## Work order
Pictures excluded, set down exactly the lines from the one containing "anime girl, beautiful" through the final line of the material, and only those.

## Data supplied
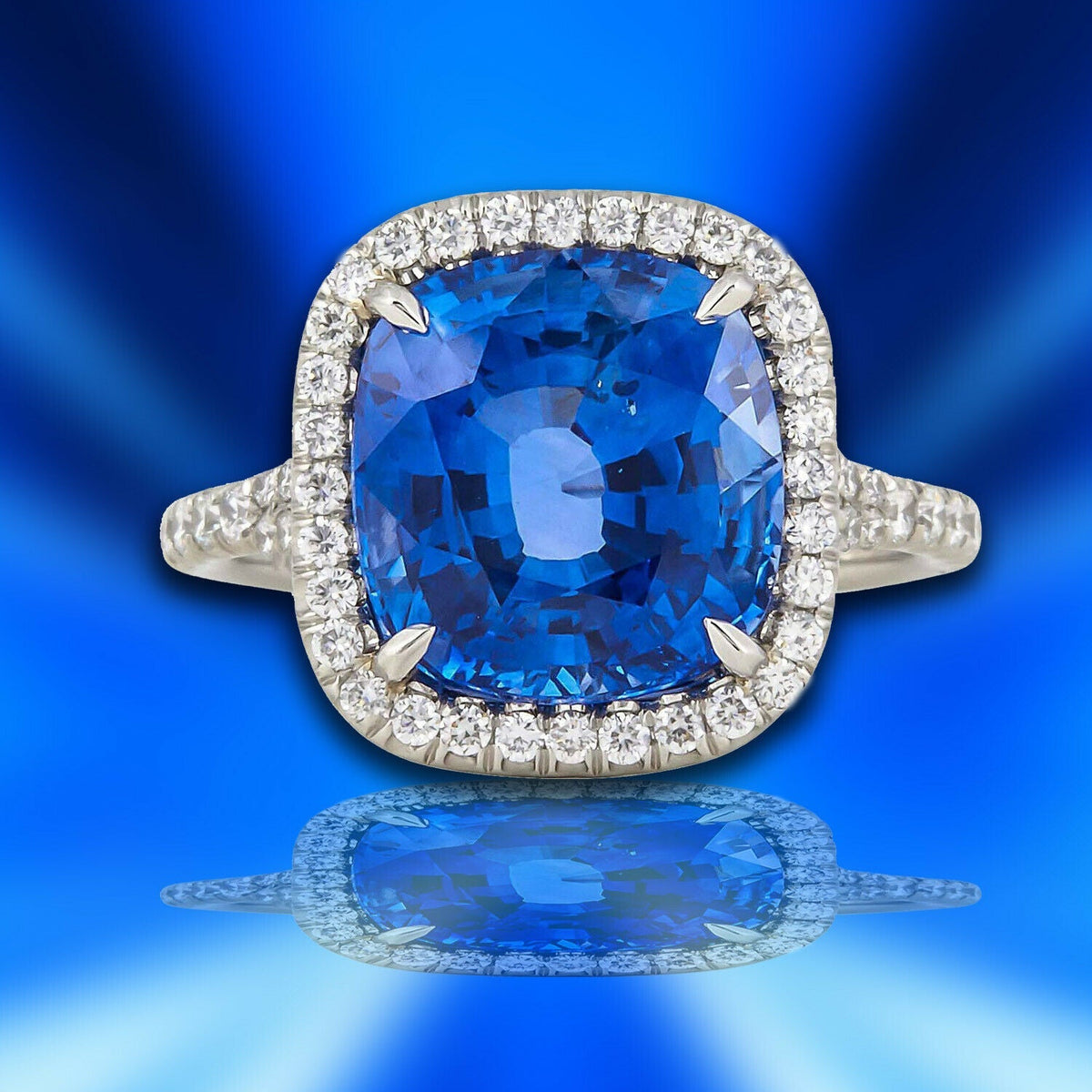 agl certified 6.58 ct sapphire cushion shape ceylon halo .52 ct round diamond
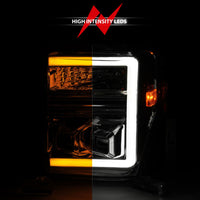 Thumbnail for ANZO 08-10 Ford F-250 - F-550 Super Duty Projector Headlights w/ Light Bar Switchback Chrome Housing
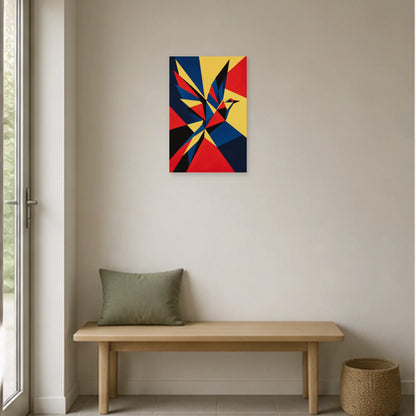 Affiche abstraite - Oiseau prismatique dans une entrée ou un couloir - Art Virtuoso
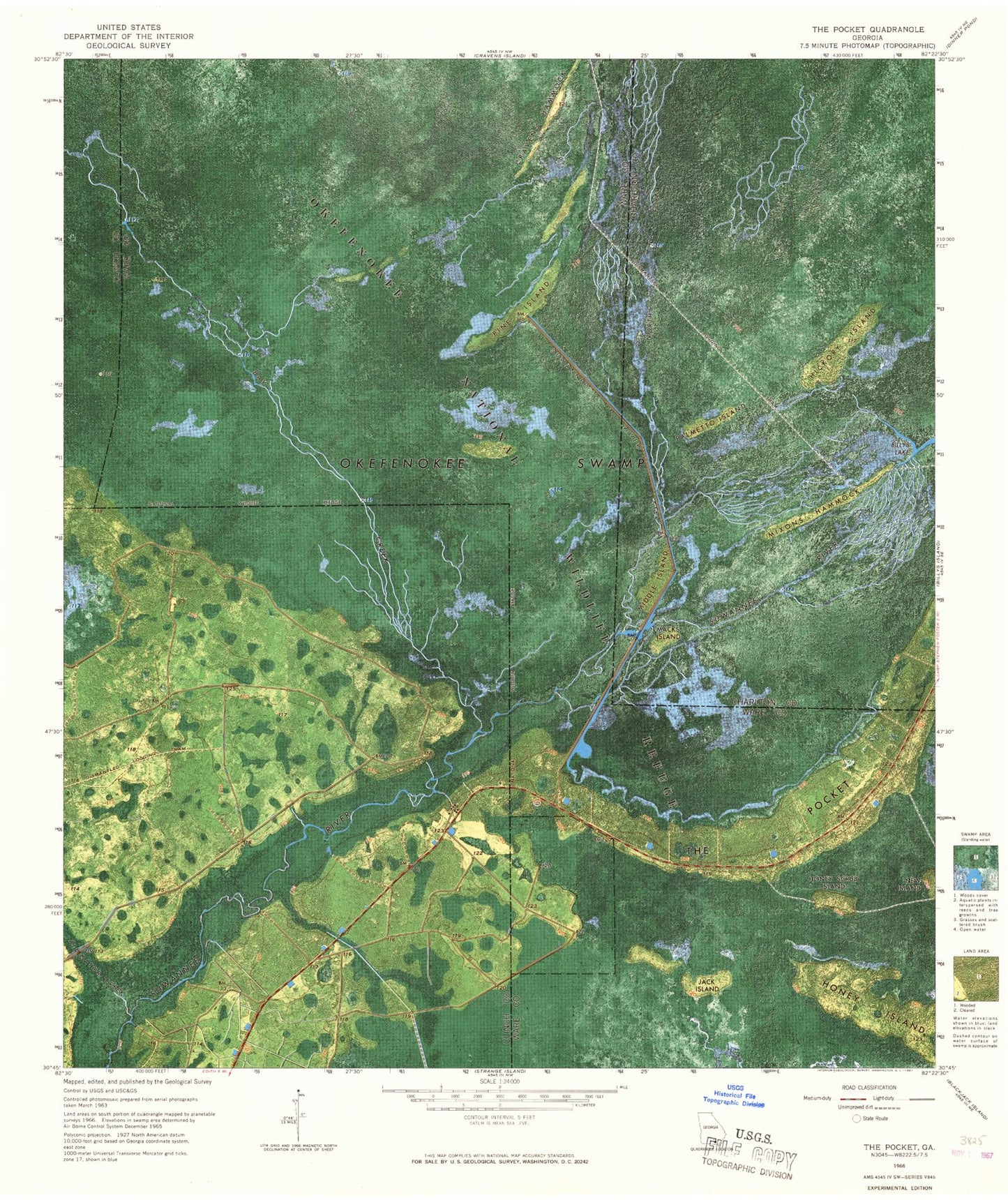 Classic USGS The Pocket Georgia 7.5'x7.5' Topo Map Image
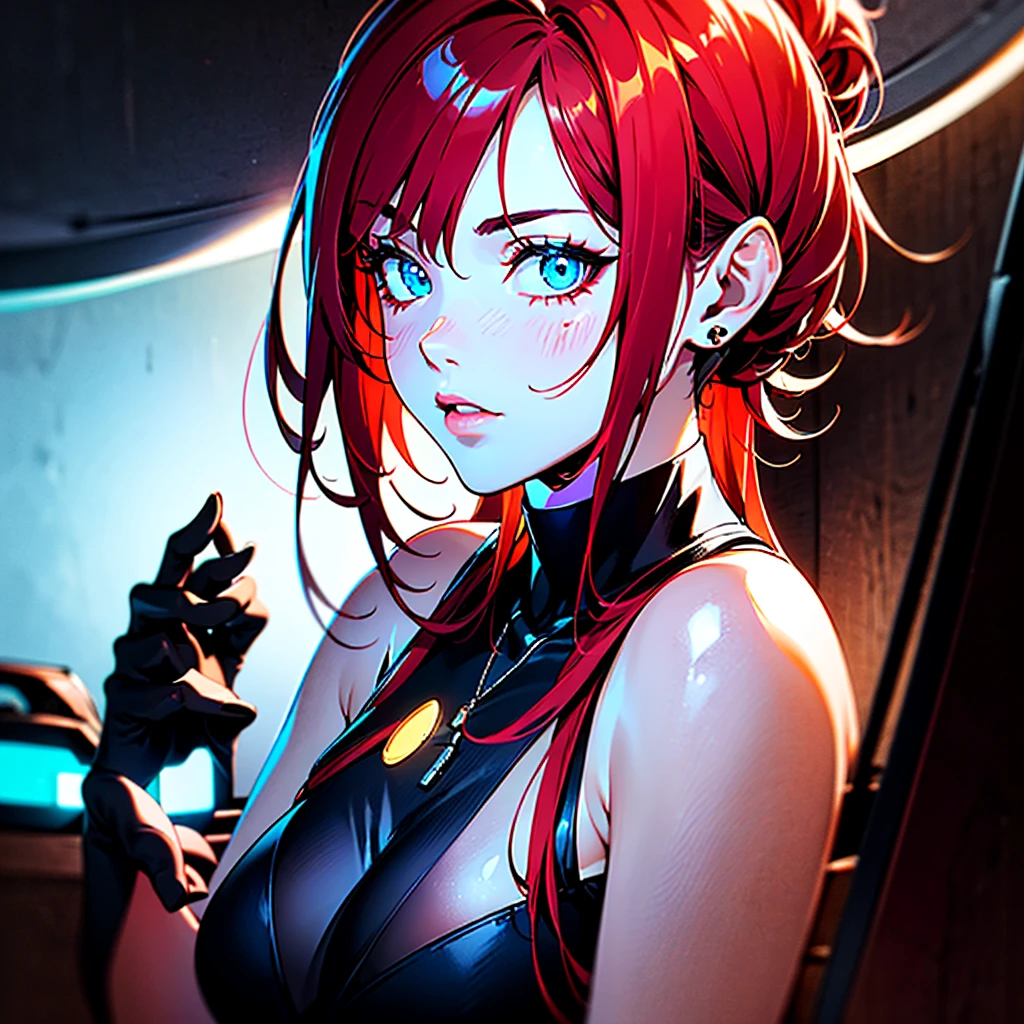 anime girl, beautiful detailed dark red hair in a ponytail, extremely detailed big blue eyes, beautiful detailed face, beautiful detailed lips, skintight pilot suit, highly detailed, realistic, cinematic lighting, 8k, dramatic lighting, dynamic pose, volumetric fog, photorealistic, masterpiece, hyper detailed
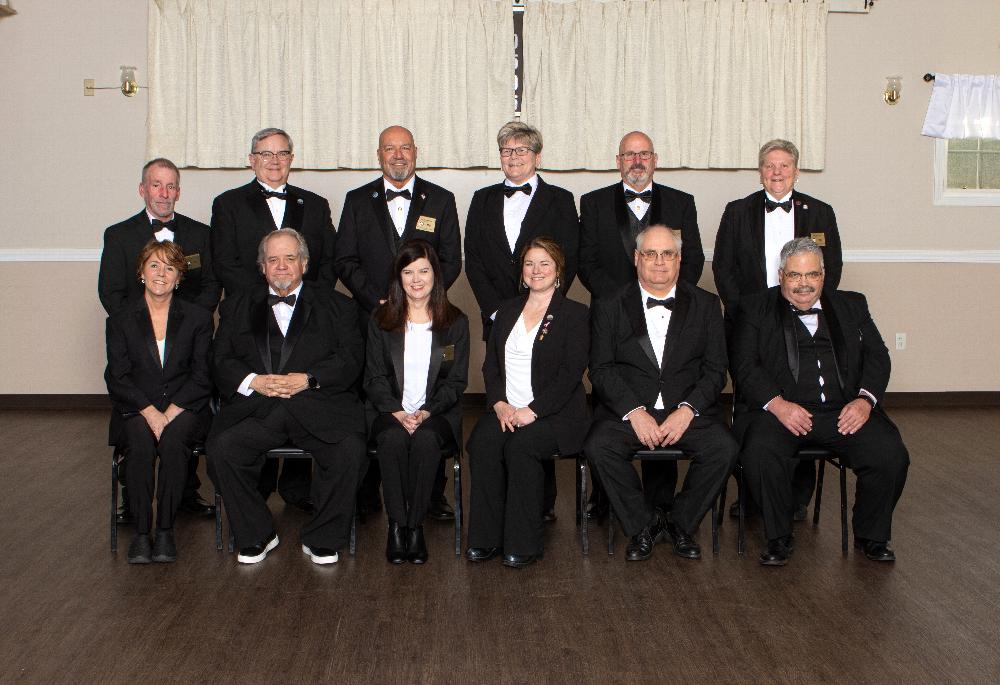 Front row L-R Chaplin Laura Seaver, Leading Knight Tim Crowley, Loyal Knight Randa Newsome, ER Rori Dargie, Lecturing Knight Phil Guimond, Trustee Chair Peter Lee
Back Row L-R  4yr Trustee Phil Bowden, Treasurer Steve Dupuis, 3rd Yr Trustee Bill Thompson, 5th yr Trustee Lauren Lennerton, 1st yr Trustee Bill Desjardins, Secretary Joan Howard, missing from photo Inner guard Dick Gosselin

## Solution to this exercise
 anime girl, beautiful detailed dark red hair in a ponytail, extremely detailed big blue eyes, beautiful detailed face, beautiful detailed lips, skintight pilot suit, highly detailed, realistic, cinematic lighting, 8k, dramatic lighting, dynamic pose, volumetric fog, photorealistic, masterpiece, hyper detailed
 Front row L-R Chaplin Laura Seaver, Leading Knight Tim Crowley, Loyal Knight Randa Newsome, ER Rori Dargie, Lecturing Knight Phil Guimond, Trustee Chair Peter Lee
Back Row L-R  4yr Trustee Phil Bowden, Treasurer Steve Dupuis, 3rd Yr Trustee Bill Thompson, 5th yr Trustee Lauren Lennerton, 1st yr Trustee Bill Desjardins, Secretary Joan Howard, missing from photo Inner guard Dick Gosselin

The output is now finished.